__TASK__:
Exact copies of the lines below, from the one with "three people. 104878378" up to and including the one with "60811 Windsor Drive", are what this calls for; leave out pictures.

__RECORDS PROVIDED__:
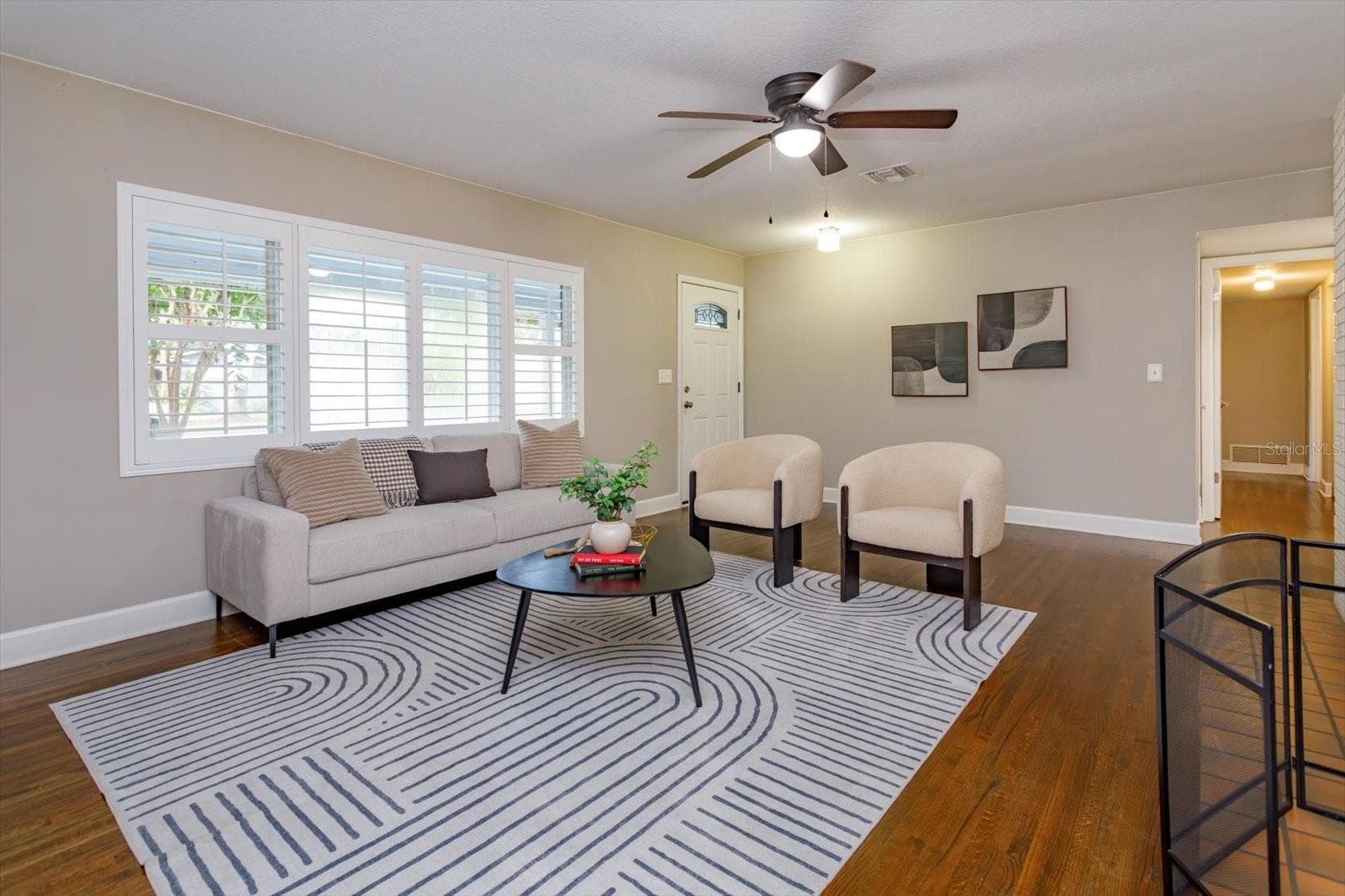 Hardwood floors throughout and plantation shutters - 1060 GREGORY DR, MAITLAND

---

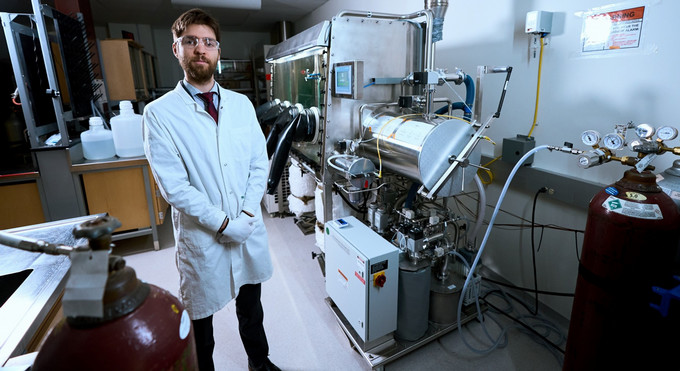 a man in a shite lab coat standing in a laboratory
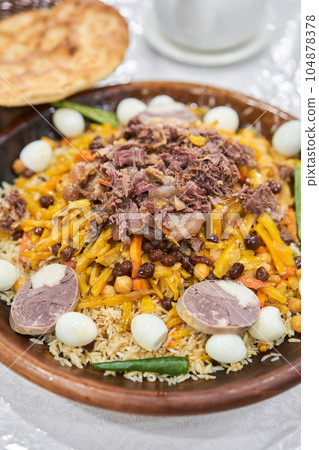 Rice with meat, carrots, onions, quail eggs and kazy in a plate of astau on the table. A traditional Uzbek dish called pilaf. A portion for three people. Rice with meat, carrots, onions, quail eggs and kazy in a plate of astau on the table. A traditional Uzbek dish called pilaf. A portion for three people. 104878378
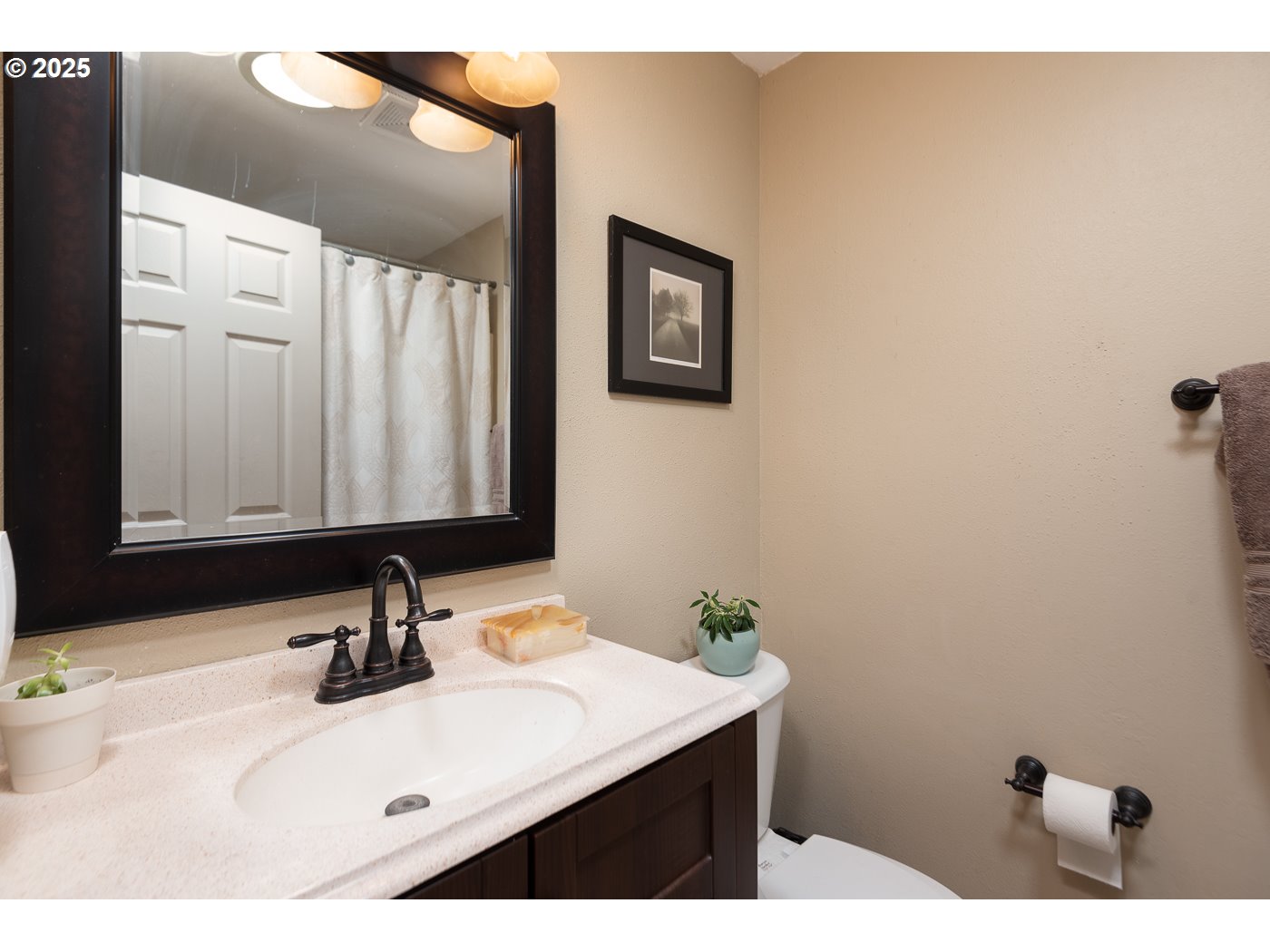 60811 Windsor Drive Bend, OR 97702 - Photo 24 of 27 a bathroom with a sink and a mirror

__REPLY TO THE EXERCISE__:
 Rice with meat, carrots, onions, quail eggs and kazy in a plate of astau on the table. A traditional Uzbek dish called pilaf. A portion for three people. Rice with meat, carrots, onions, quail eggs and kazy in a plate of astau on the table. A traditional Uzbek dish called pilaf. A portion for three people. 104878378
 60811 Windsor Drive Bend, OR 97702 - Photo 24 of 27 a bathroom with a sink and a mirror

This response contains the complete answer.